[Captioned web image data]
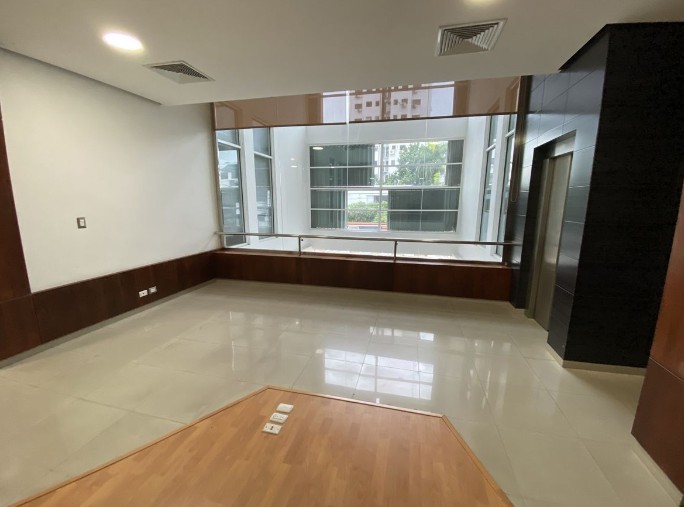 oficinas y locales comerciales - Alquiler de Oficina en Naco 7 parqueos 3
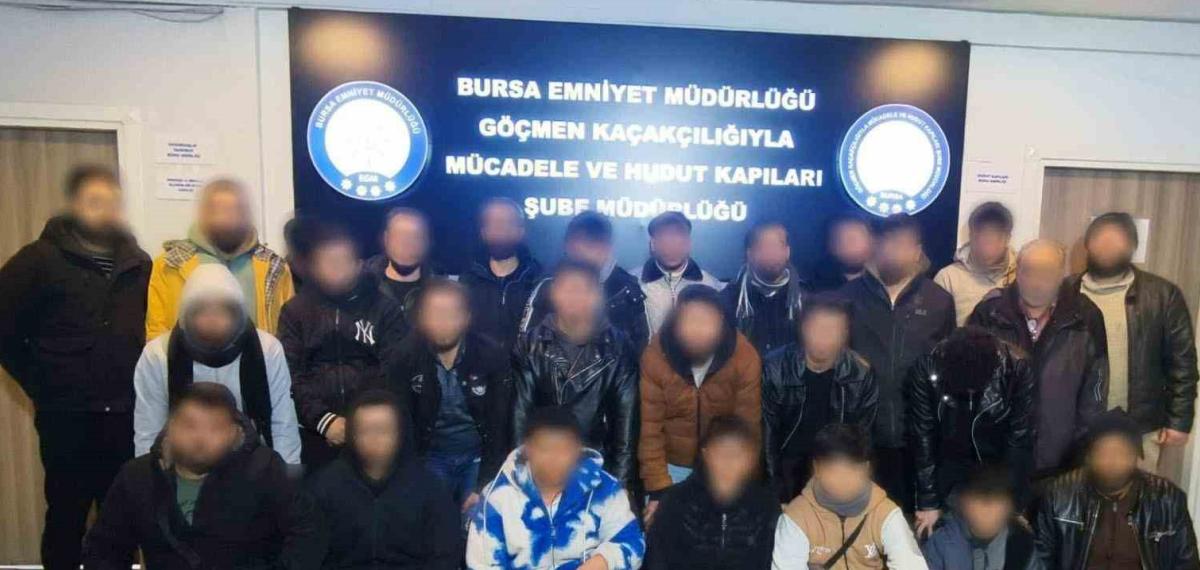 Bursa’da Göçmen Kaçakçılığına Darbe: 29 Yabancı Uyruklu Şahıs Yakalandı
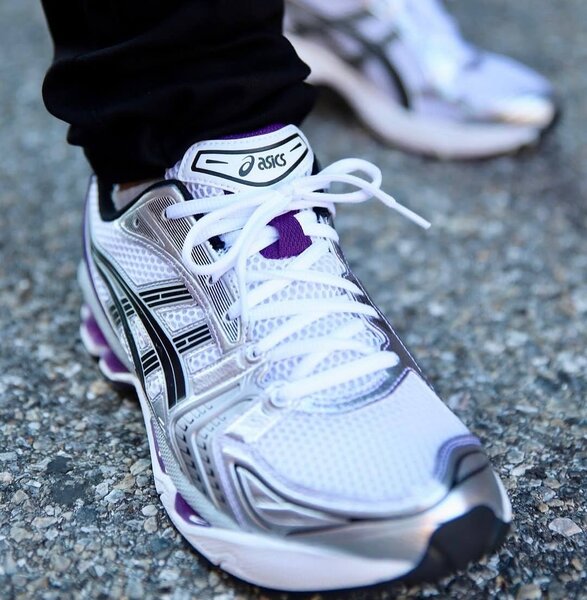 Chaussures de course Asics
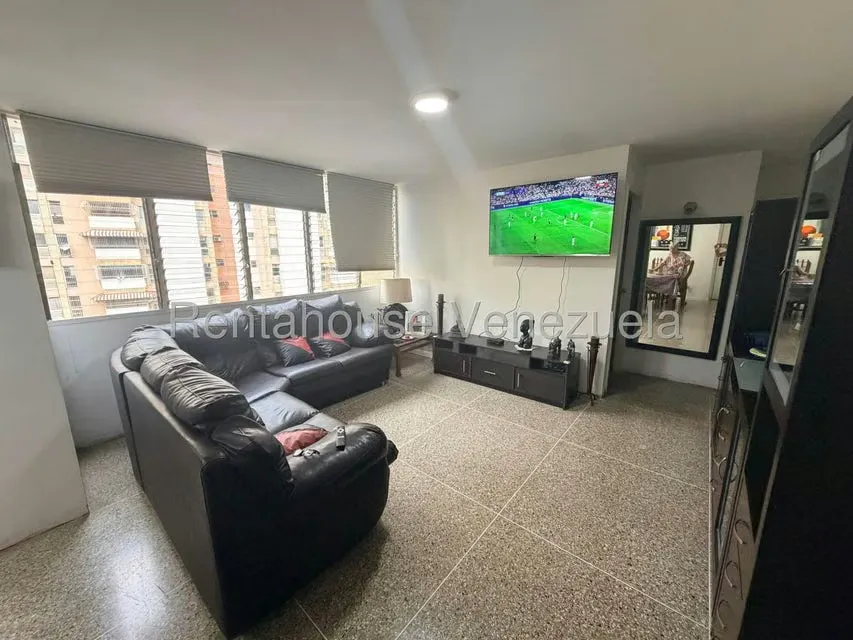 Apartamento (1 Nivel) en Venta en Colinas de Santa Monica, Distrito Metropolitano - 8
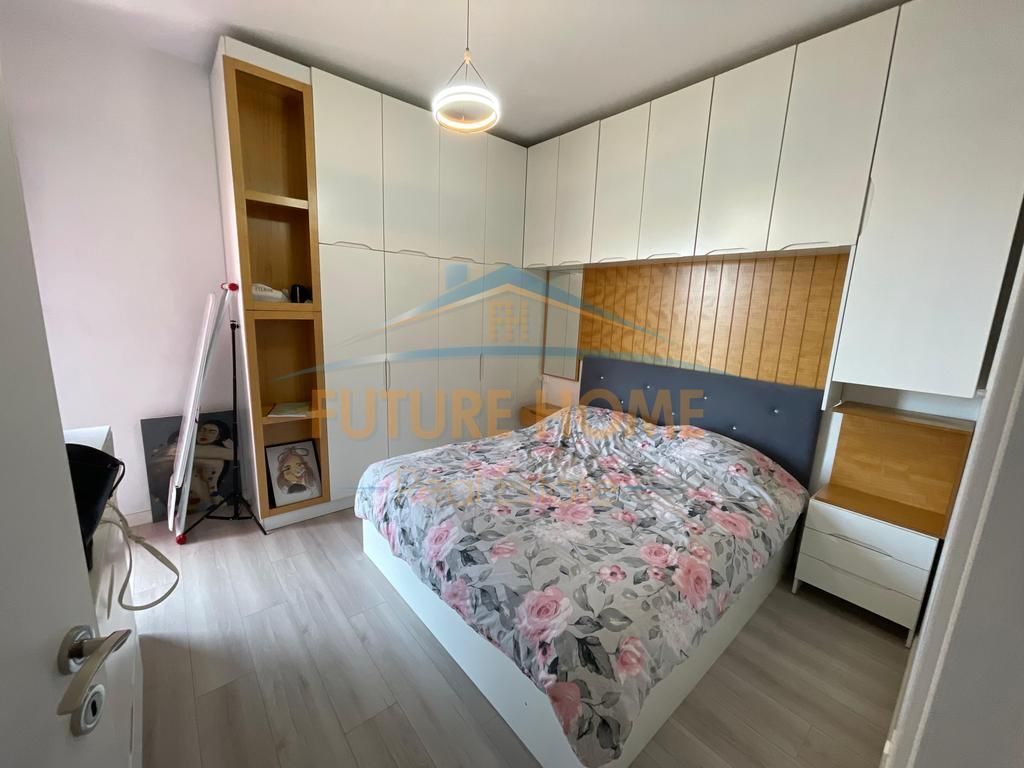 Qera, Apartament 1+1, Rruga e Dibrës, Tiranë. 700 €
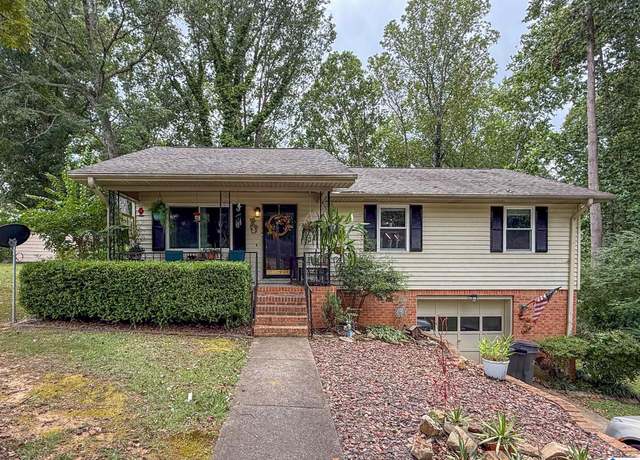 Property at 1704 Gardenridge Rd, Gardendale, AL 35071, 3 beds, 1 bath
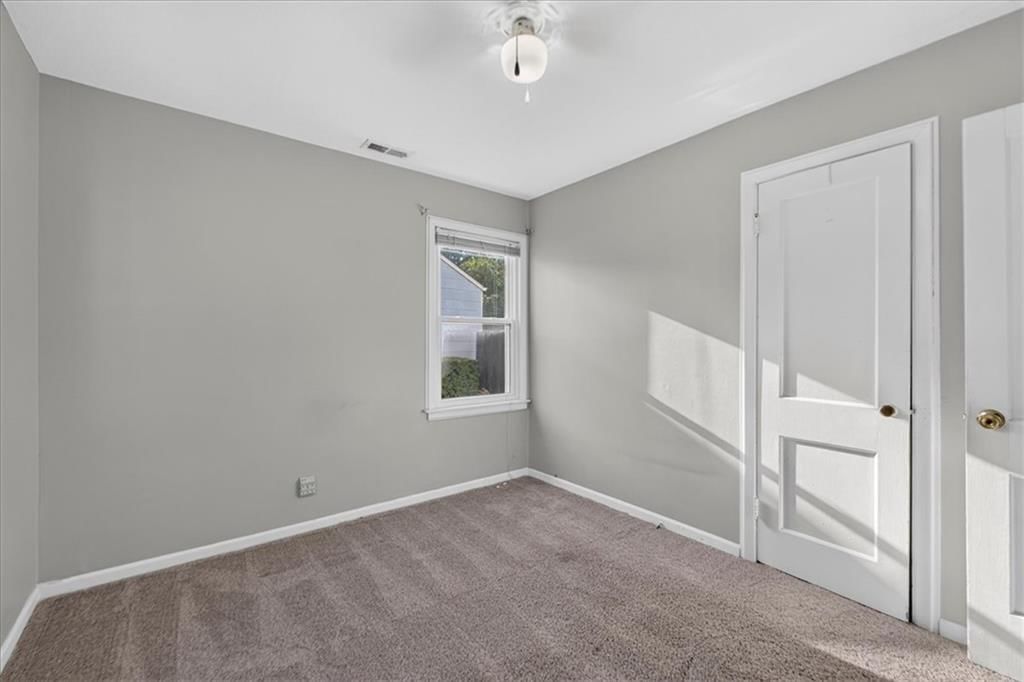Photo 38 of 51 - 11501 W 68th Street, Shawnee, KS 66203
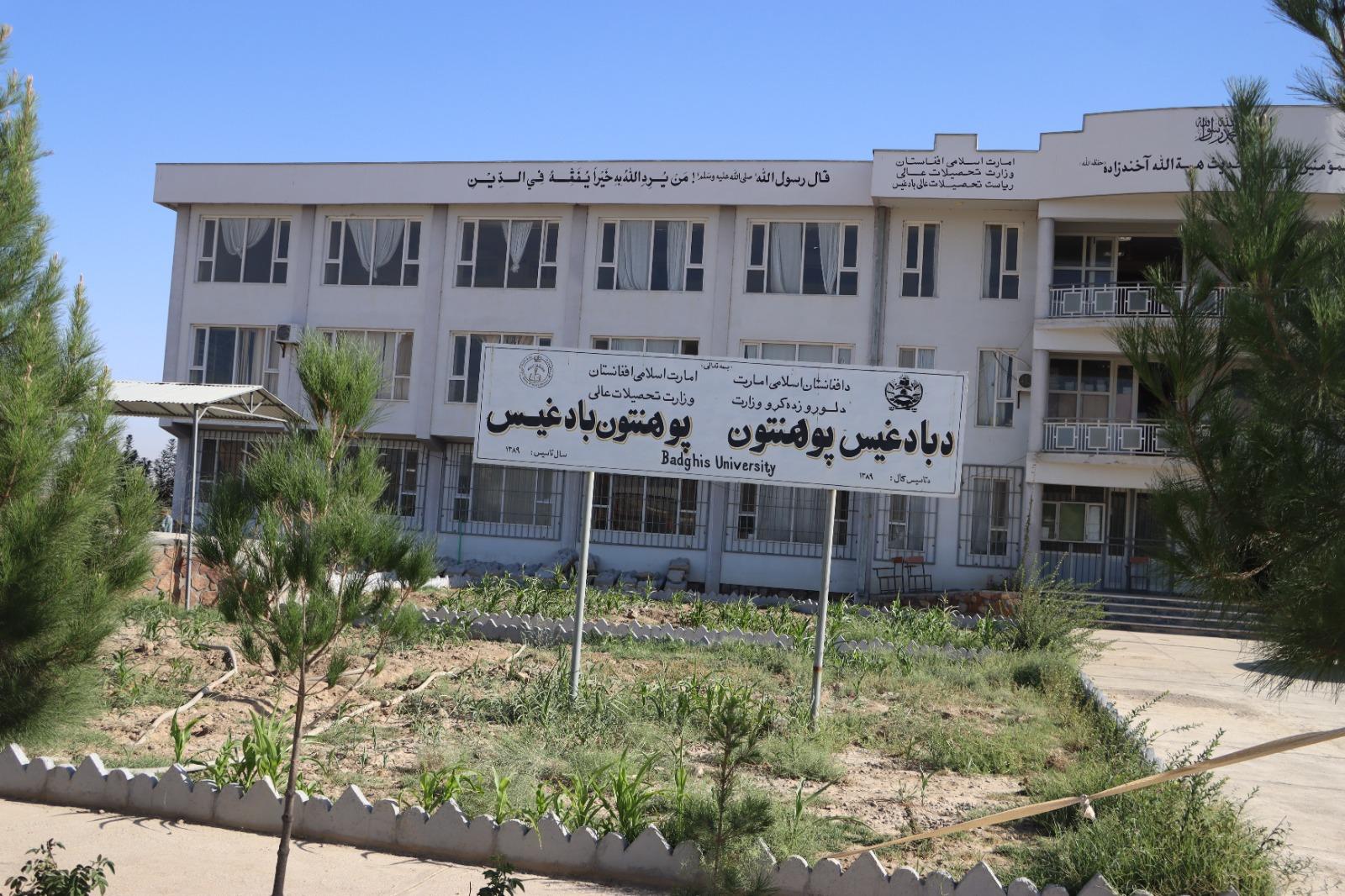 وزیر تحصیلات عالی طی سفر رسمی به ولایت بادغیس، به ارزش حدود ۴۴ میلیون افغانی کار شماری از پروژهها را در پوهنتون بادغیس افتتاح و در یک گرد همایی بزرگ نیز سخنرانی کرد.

[Task requirements]:
The answer must be the data above, repeated exactly, with no pictures.

[Answer to this problem]:
 oficinas y locales comerciales - Alquiler de Oficina en Naco 7 parqueos 3
 Bursa’da Göçmen Kaçakçılığına Darbe: 29 Yabancı Uyruklu Şahıs Yakalandı
 Chaussures de course Asics
 Apartamento (1 Nivel) en Venta en Colinas de Santa Monica, Distrito Metropolitano - 8
 Qera, Apartament 1+1, Rruga e Dibrës, Tiranë. 700 €
 Property at 1704 Gardenridge Rd, Gardendale, AL 35071, 3 beds, 1 bath
Photo 38 of 51 - 11501 W 68th Street, Shawnee, KS 66203
 وزیر تحصیلات عالی طی سفر رسمی به ولایت بادغیس، به ارزش حدود ۴۴ میلیون افغانی کار شماری از پروژهها را در پوهنتون بادغیس افتتاح و در یک گرد همایی بزرگ نیز سخنرانی کرد.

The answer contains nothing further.